Using the pre-trained CNN model directly prevents us from preparing dataset, well designed network and tedious training to obtain state-of-the-art results. Moreover, as the lack of PolSAR data, no CNN-based methods have been proposed to despeckle PolSAR images. Maybe, a pre-trained filter on SAR images can be used to solve this problem embedded with MuLoG framework.

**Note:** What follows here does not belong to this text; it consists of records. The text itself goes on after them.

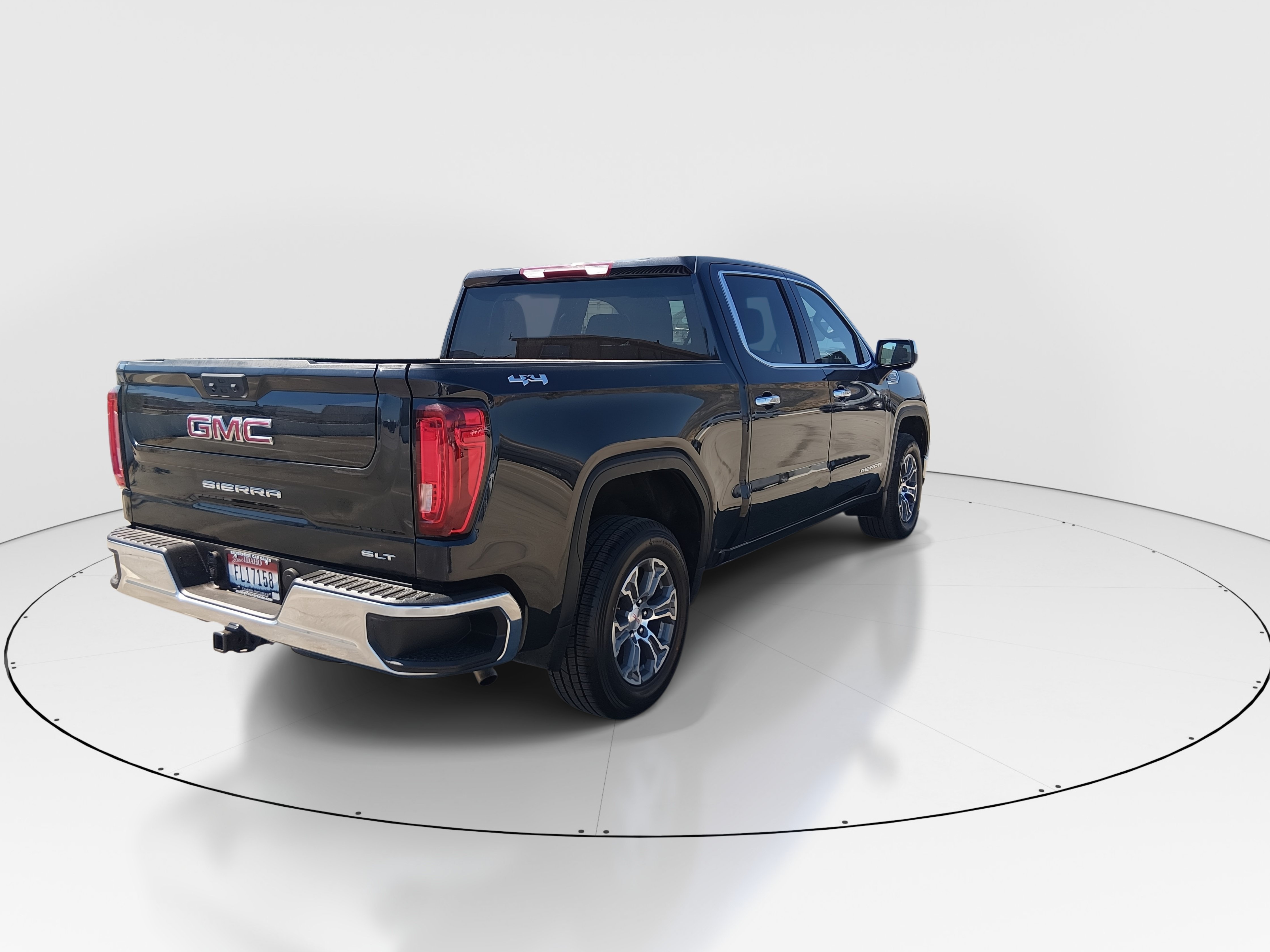 2025 GMC Sierra 1500 SLT - Photo 7
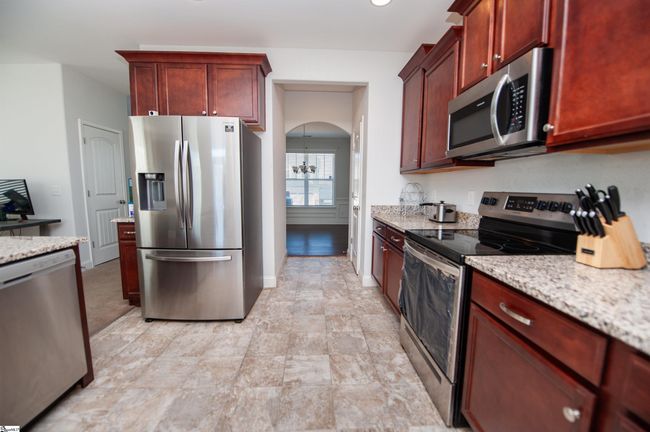 920 Ravenfield Dr, House other with 4 bedrooms, 3 bathrooms and 2 parking in Duncan SC | Image 8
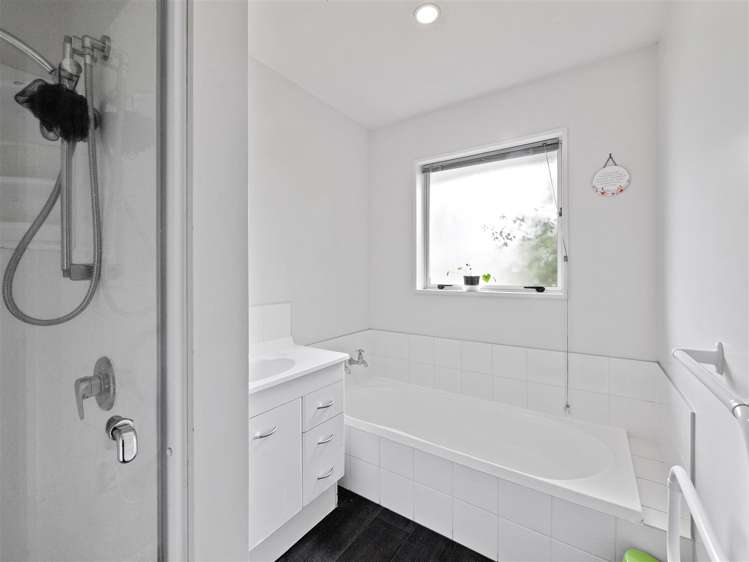 2 Durrell Way Rolleston_10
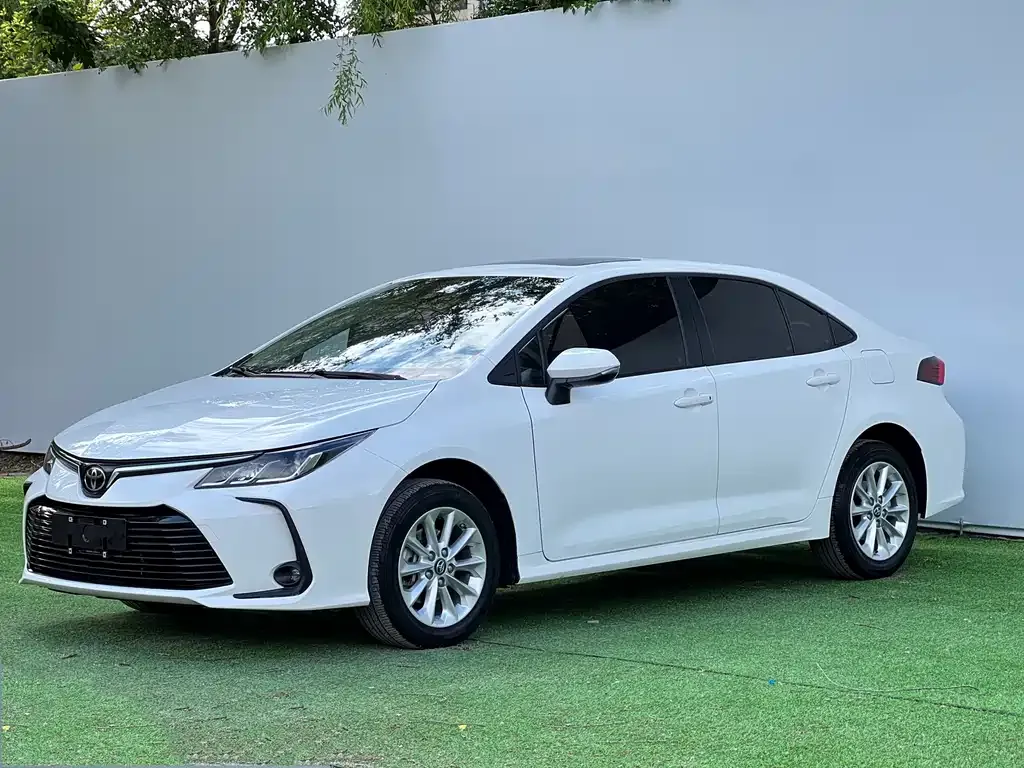 Toyota Corolla — фото 1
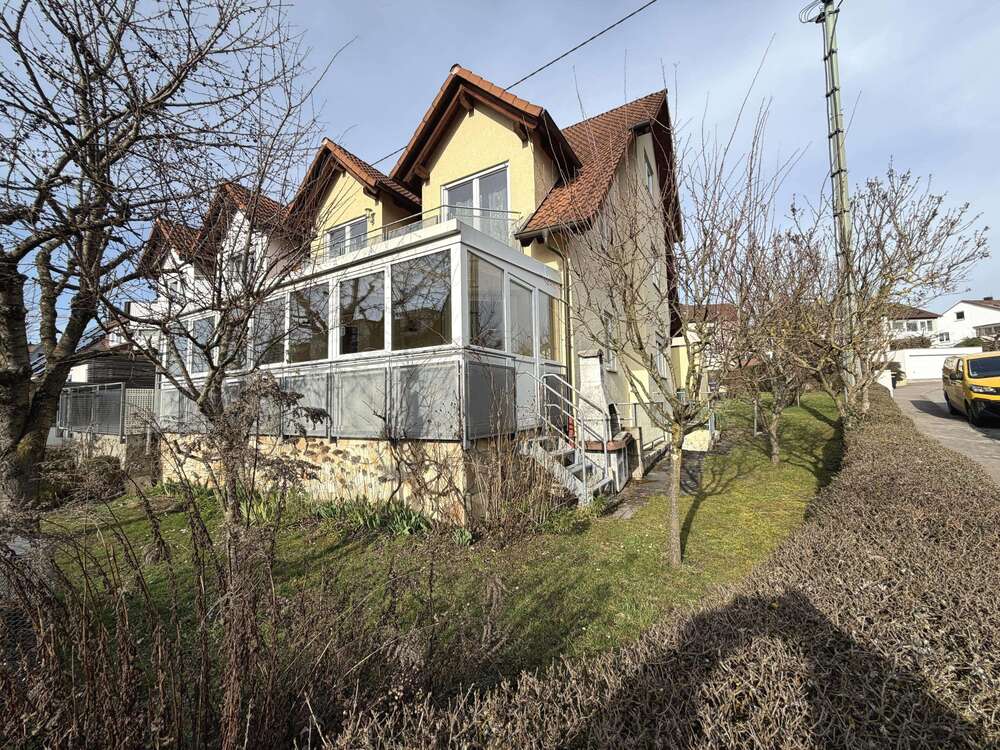 Thumbnail-Haus zum Kaufen in Nürtingen 599.000,00 € 204.48 m²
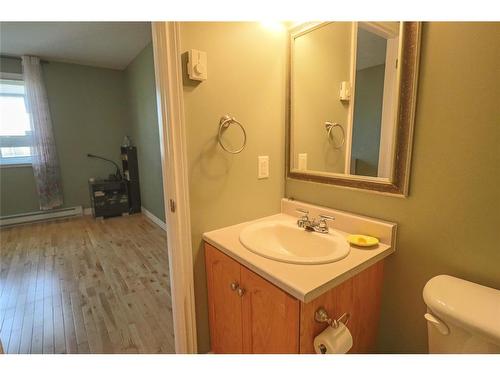2 Kilmory Place, St. John'S, NL - Indoor Photo Showing Bathroom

However, looking carefully at the filtered results of MuLoG-FFDNet, we can see the halo artifacts exist around the edges. Recently, a very simple but efficient idea to improve filter’s edge preservation capacity, called Side Window [51] has been proposed. Side Window changes the traditional center-based window into a side-based window, and can effectively restrain halo around edges. Although, the MuLoG framework is a non-patch based method, but the idea of Side Window can be used in the CNN network to train a filter with superior edge and detail preservation capacity in the future.

6. Conclusions

While most deep learning methods need many data or a well designed model, this paper proposes a simple yet efficient method which uses the pre-trained CNN model for SAR and PolSAR images despeckling embedded with MuLoG framework and a homogenous region detector. This pre-trained FFDNet model allows the proposed filter to work very robustly at various noise levels for single channel and multi-channel SAR images. Our work confirms that any superior Gaussian filter can be plugged into MuLoG framework to obtain the promising results in SAR images.